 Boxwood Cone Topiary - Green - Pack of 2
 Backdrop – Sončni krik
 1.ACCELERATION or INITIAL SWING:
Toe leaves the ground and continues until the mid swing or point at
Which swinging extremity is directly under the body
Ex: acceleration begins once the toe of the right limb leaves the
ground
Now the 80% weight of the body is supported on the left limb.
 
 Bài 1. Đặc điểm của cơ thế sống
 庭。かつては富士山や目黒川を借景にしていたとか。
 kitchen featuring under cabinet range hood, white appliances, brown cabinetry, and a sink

○ ○ ○

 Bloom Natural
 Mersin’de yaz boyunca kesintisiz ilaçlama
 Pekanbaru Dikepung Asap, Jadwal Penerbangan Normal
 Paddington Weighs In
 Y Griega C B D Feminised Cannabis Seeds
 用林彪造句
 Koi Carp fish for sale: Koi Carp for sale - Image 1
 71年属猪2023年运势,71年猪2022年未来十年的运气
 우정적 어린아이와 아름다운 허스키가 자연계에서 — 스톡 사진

○ ○ ○

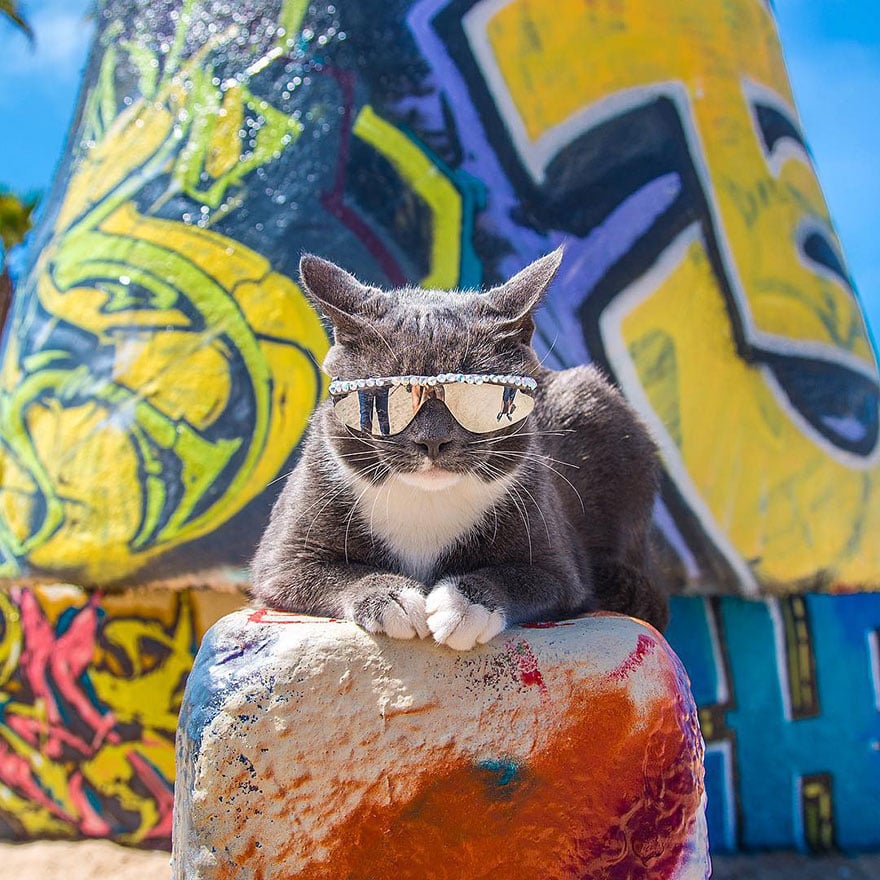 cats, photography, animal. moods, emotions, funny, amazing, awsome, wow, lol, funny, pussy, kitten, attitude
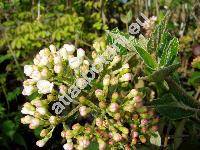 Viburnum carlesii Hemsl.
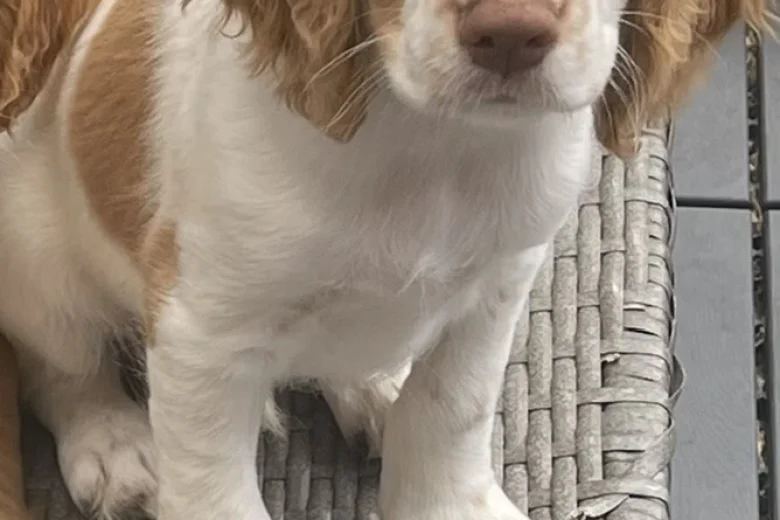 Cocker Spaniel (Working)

○ ○ ○

= Assigned task =
A single figure is expected: the count of lines in the data above that include the word "ground".

= Solution for this exercise =
2